【エンジン車よ永遠なれ!】CX-60の直6ディーゼルは「効率」を重視したライトサイジング。大人のパワートレーンとして秀逸です

マツダCX-60・XDハイブリッド・プレミアムスポーツ/価格:8SAT 547万2500円。XDハイブリッドは最適効率を目指した48VマイルドHV。3283ccの新開発・直6ディーゼルターボ(T3-VPTH:254ps/550Nm)とモーター(16.3ps/153Nm)の組み合わせ。パワフルで静粛なパフォーマンスと優れた燃費を実現した。全長×全幅×全高4740×1890×1685mm、車重1940kg。駆動方式はFRベースの4WD

マツダCX-60・XDハイブリッド・プレミアムスポーツ/価格:8SAT 547万2500円。XDハイブリッドは最適効率を目指した48VマイルドHV。3283ccの新開発・直6ディーゼルターボ(T3-VPTH:254ps/550Nm)とモーター(16.3ps/153Nm)の組み合わせ。パワフルで静粛なパフォーマンスと優れた燃費を実現した。全長×全幅×全高4740×1890×1685mm、車重1940kg。駆動方式はFRベースの4WD

MAZDA CX-60/T3-VPTH

CX-60エンジン種類:直列6気筒DOHC24Vディーゼルターボ
総排気量:3283cc
ボア×ストローク:86.0×94.2mm
圧縮比:15.2:1
最高出力:187kW(254ps)/3750rpm
最大トルク:550Nm(56.1kgm)/1500〜2400rpm
※XDハイブリッドの数値

「直6の3.3リッター!? イマドキその排気量はいったいナニ? どういうこと?!」と思われた方も多いのではないでしょうか。でもマツダは流行りのダウンサイジングではなく「ライトサイジング」を昔から謳っておりまして、今回は大排気量化したほうが効率がよいと考えた、ということなんですよね。上級グレード用のT3-VPTHは、48Vに昇圧してマイルドハイブリッド化しているところが、またスゴイ!

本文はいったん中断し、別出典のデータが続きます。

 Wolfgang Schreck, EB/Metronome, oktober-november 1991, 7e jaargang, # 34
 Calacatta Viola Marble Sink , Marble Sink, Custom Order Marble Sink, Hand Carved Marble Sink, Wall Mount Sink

 T3-VPTHは、3283ccの直6ディーゼルターボ(254ps/550Nm)とモーター(16.3ps/153Nm)の組み合わせ。ディーゼルエンジンは低回転域からの太いトルクがポイントとなるユニットですよね。このエンジンも550Nmのトルクを1500rpmで発揮してくれます。そしてモーターは最初から最大トルクを発揮できるというのが特徴なわけでして、つまり美味しいところが重複することになるのでは……と、普通は考えますよね。私もそうでした。

透視図imege

 もちろん、確かにそういった部分もあるんですけれど、発進時や中間加速など、エンジンがいちばん力を欲する、つまり格別に燃料を使うところを、モーターでアシストすることで、かなり燃費の向上が認められるんですって。ディーゼルエンジンはガソリンエンジンよりも重量がありますし、そこへのマイルドハイブリッド化ですから、重さとコストが気にはなりますけれど、そこを考慮しても旨味があったのでしょう。WLTCモード燃費は21.0〜21.1km/リッターをマークします。机上だけでは諦めがちなところ、実際やってみるというチャレンジ性だけでも素晴らしいですよね。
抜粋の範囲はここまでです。